Using Text Data Files

Impala supports using text files as the storage format for input and output. Text files are a convenient format to use for interchange with other applications or scripts that produce or read delimited text files, such as CSV or TSV with commas or tabs for delimiters.

Text files are flexible in their column definitions. For example, a text file could have more fields than the Impala table, and those extra fields are ignored during queries. Or it could have fewer fields than the Impala table, and those missing fields are treated as NULL values in queries.

You could have fields that were treated as numbers or timestamps in a table, then use ALTER TABLE ... REPLACE COLUMNS to switch them to strings, or the reverse.

Creating Text Tables

You can create tables with specific separator characters to import text files in familiar formats such as CSV, TSV, or pipe-separated with the FIELDS TERMINATED BY clause preceded by the ROW FORMAT DELIMITED clause. For example:

        CREATE TABLE tsv(id INT, s STRING, n INT, t TIMESTAMP, b BOOLEAN)
        ROW FORMAT DELIMITED
        FIELDS TERMINATED BY '\t' STORED AS TEXTFILE;
      

You can specify a delimiter character '\0' to use the ASCII 0 (nul) character for text tables.

You can also use these tables to produce output data files, by copying data into them through the INSERT ... SELECT syntax and then extracting the data files from the Impala data directory.

The data files created by any INSERT statements uses the Ctrl-A character (hex 01) as a separator between each column value.

Issue a DESCRIBE FORMATTED table_name statement to see the details of how each table is represented internally in Impala.

Complex type considerations: Although you can create tables in this file format using the complex types (ARRAY, STRUCT, and MAP), currently, Impala cannot query these types in text tables.

Data Files for Text Tables

When Impala queries a table with data in text format, it consults all the data files in the data directory for that table, with some exceptions:

  • Impala ignores any hidden files, that is, files whose names start with a dot or an underscore.

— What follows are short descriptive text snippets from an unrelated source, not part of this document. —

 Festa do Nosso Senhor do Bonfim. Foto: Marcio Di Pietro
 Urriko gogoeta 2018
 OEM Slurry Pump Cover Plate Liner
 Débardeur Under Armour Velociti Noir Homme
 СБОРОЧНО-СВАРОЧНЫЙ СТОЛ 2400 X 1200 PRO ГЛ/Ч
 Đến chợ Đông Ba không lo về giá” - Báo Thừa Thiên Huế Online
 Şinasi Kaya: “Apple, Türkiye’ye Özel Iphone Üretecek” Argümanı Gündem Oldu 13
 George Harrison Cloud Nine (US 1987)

  • Impala queries ignore files with extensions commonly used for temporary work files by Hadoop tools. Any files with extensions .tmp or .copying are not considered part of the Impala table. The suffix matching is case-insensitive, so for example Impala ignores both .copying and .COPYING suffixes.

  • Impala uses suffixes to recognize when text data files are compressed text. For Impala to recognize the compressed text files, they must have the appropriate file extension corresponding to the compression codec, either .bz2, .gz, .snappy, or .zst, .deflate. The extensions can be in uppercase or lowercase.

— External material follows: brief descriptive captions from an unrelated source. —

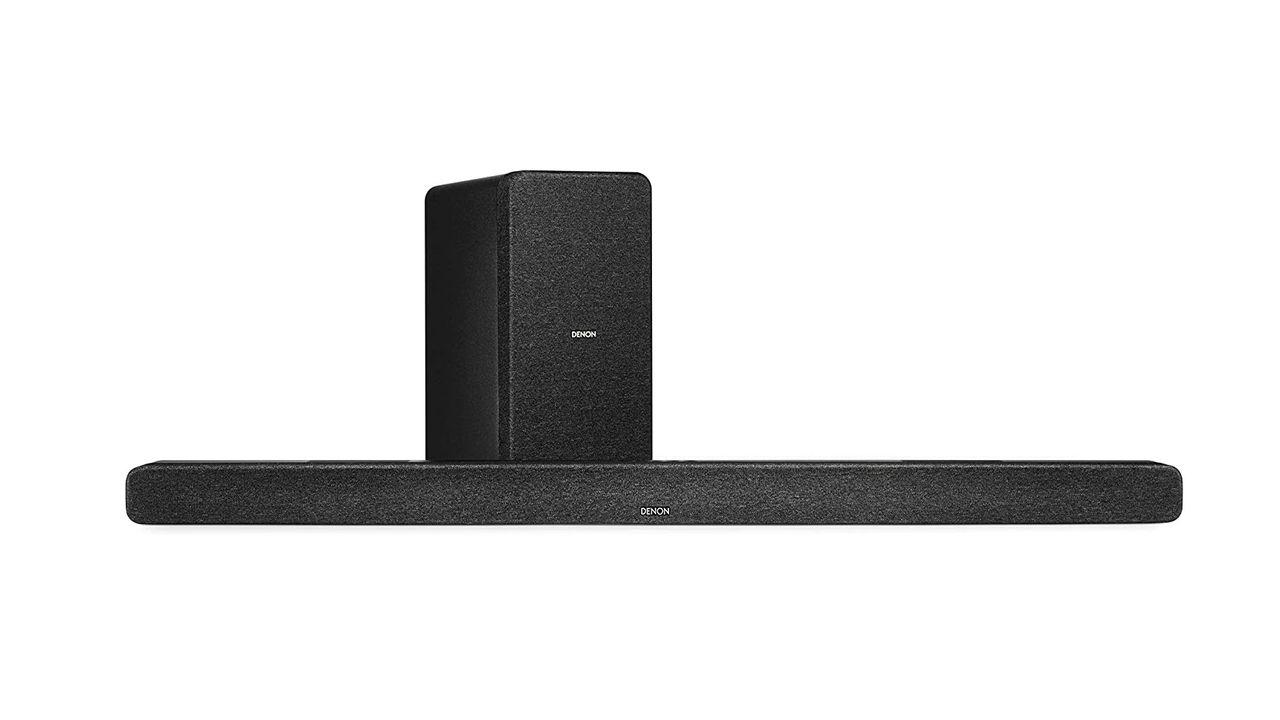 Denon Sound Bars DHT-S517 - product media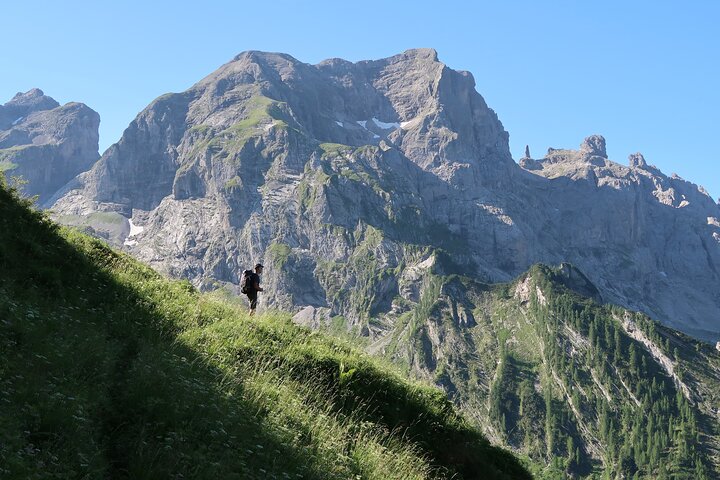 Privat guidet vandretur i Dolomiti Bellunesi National Park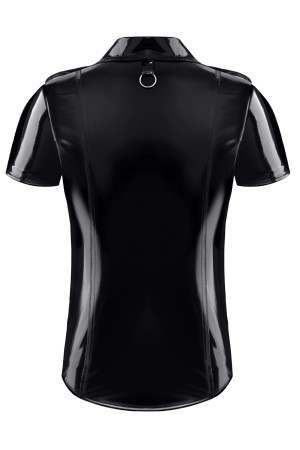 PVC Herren T-Shirt RMLeonardoPVC schwarz - M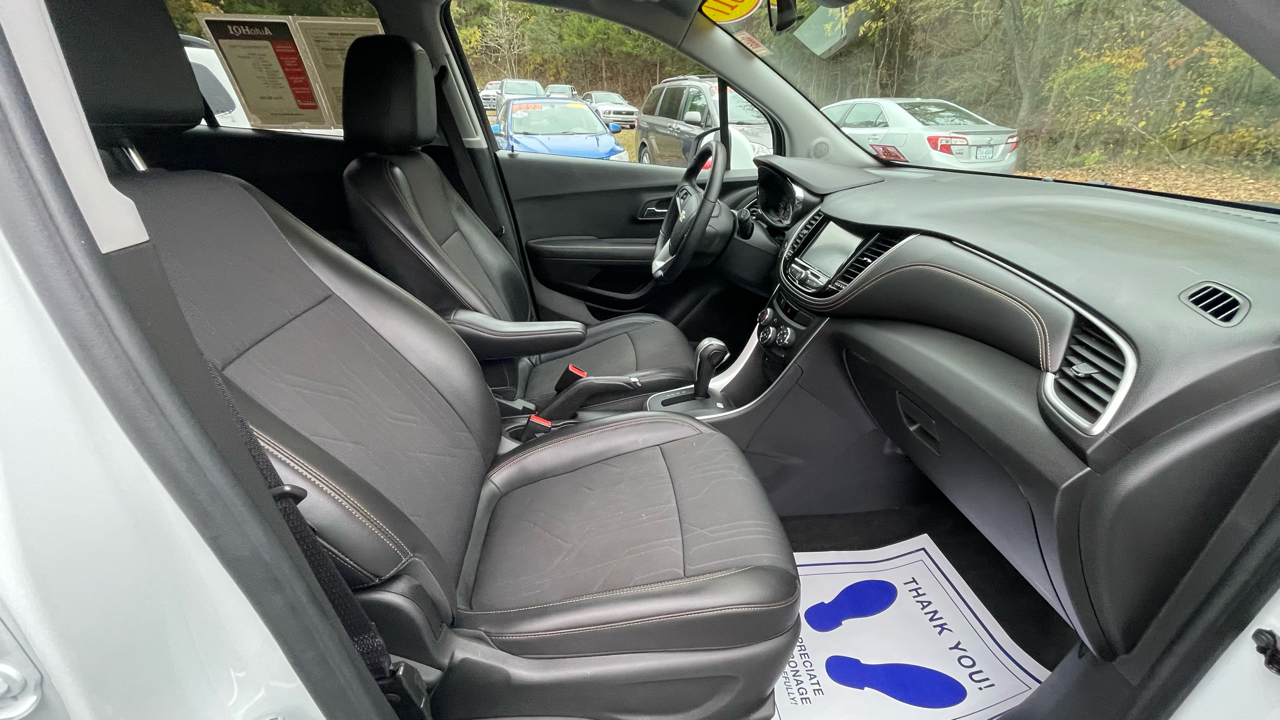 Chevrolet Trax LT FWD 2017 Chevrolet Trax LT FWD 2017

  • Otherwise, the file names are not significant. When you put files into an HDFS directory through ETL jobs, or point Impala to an existing HDFS directory with the CREATE EXTERNAL TABLE statement, or move data files under external control with the LOAD DATA statement, Impala preserves the original filenames.

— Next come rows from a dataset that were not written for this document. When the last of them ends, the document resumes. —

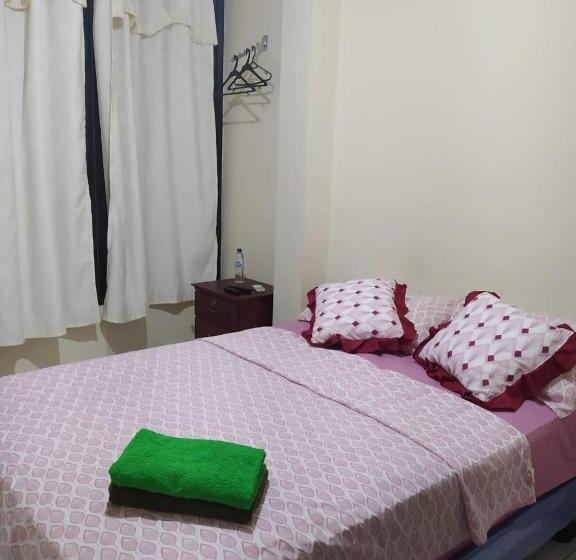 Номер Стандарт, Hostal Venecia Tu Casa En Manta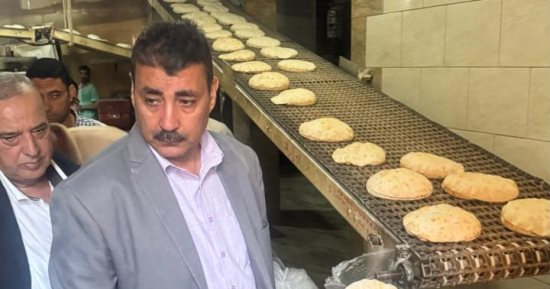 تموين المنوفية تواصل حملاتها المكبرة على المخالفين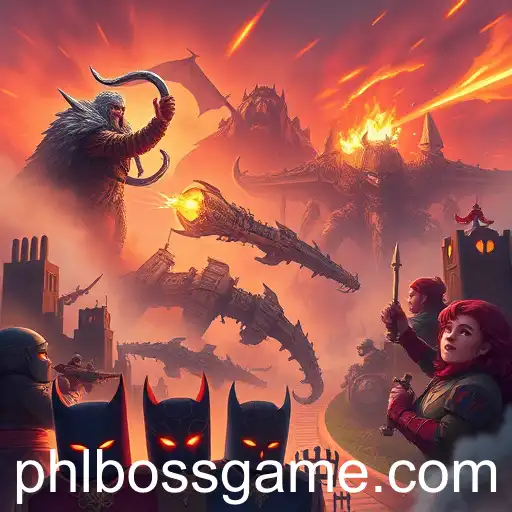 The Allure of Strategy Games: A Dive into the World of 'phlboss'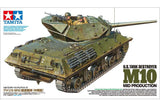 1:35 TAMIYA U.S. TANK DESTROYER M10 MID PRODUCTION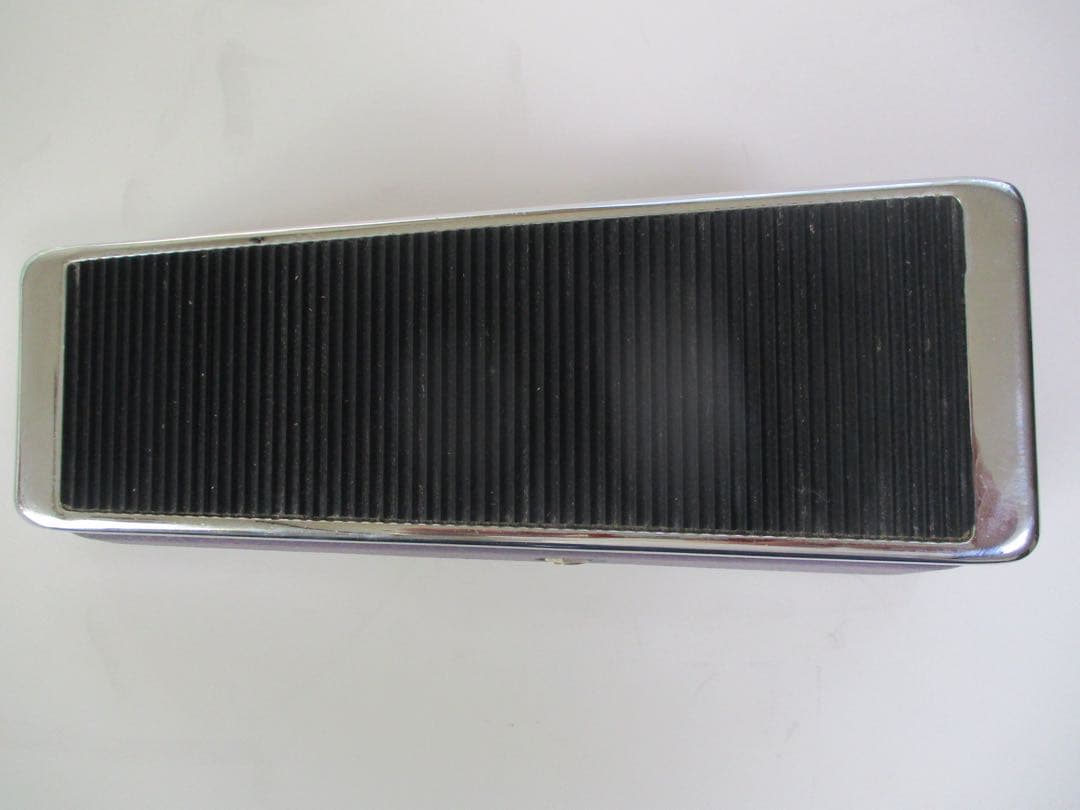 BUDDA ワウペダル 初期型 黒ラベル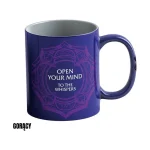 Cenega Publishing Heat Reveal Mug Good Loot World Warcraft Midnight 480 Ml Blue 5908305250968 - Image 2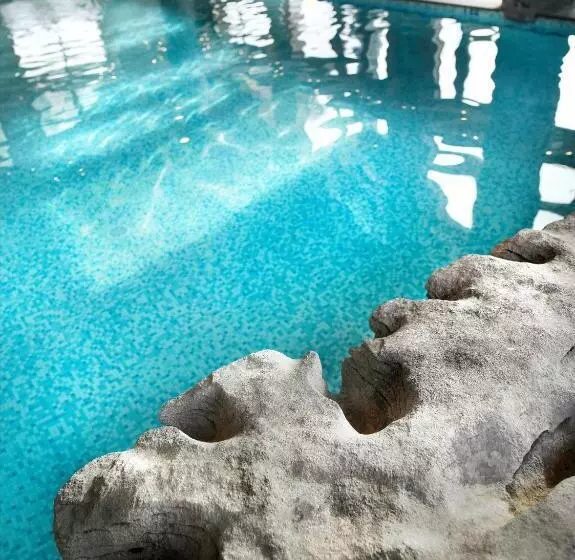 هتل Cgh Residences & Spas Oree Des Cimes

An INSERT ... SELECT statement produces one data file from each node that processes the SELECT part of the statement. An INSERT ... VALUES statement produces a separate data file for each statement; because Impala is more efficient querying a small number of huge files than a large number of tiny files, the INSERT ... VALUES syntax is not recommended for loading a substantial volume of data. If you find yourself with a table that is inefficient due to too many small data files, reorganize the data into a few large files by doing INSERT ... SELECT to transfer the data to a new table.

Do not surround string values with quotation marks in text data files that you construct. If you need to include the separator character inside a field value, for example to put a string value with a comma inside a CSV-format data file, specify an escape character on the CREATE TABLE statement with the ESCAPED BY clause, and insert that character immediately before any separator characters that need escaping.

Special values within text data files:

  • Impala recognizes the literal strings inf for infinity and nan for Not a Number, for FLOAT and DOUBLE columns.

  • Impala recognizes the literal string \N to represent NULL. When using Sqoop, specify the options --null-non-string and --null-string to ensure all NULL values are represented correctly in the Sqoop output files. \N needs to be escaped as in the below example:

    --null-string '\\N' --null-non-string '\\N'
  • By default, Sqoop writes NULL values using the string null, which causes a conversion error when such rows are evaluated by Impala. (A workaround for existing tables and data files is to change the table properties through ALTER TABLE name SET TBLPROPERTIES("serialization.null.format"="null").)

  • Impala can optionally skip an arbitrary number of header lines from text input files on HDFS based on the skip.header.line.count value in the TBLPROPERTIES field of the table metadata.

Loading Data into Text Tables

To load an existing text file into an Impala text table, use the LOAD DATA statement and specify the path of the file in HDFS. That file is moved into the appropriate Impala data directory.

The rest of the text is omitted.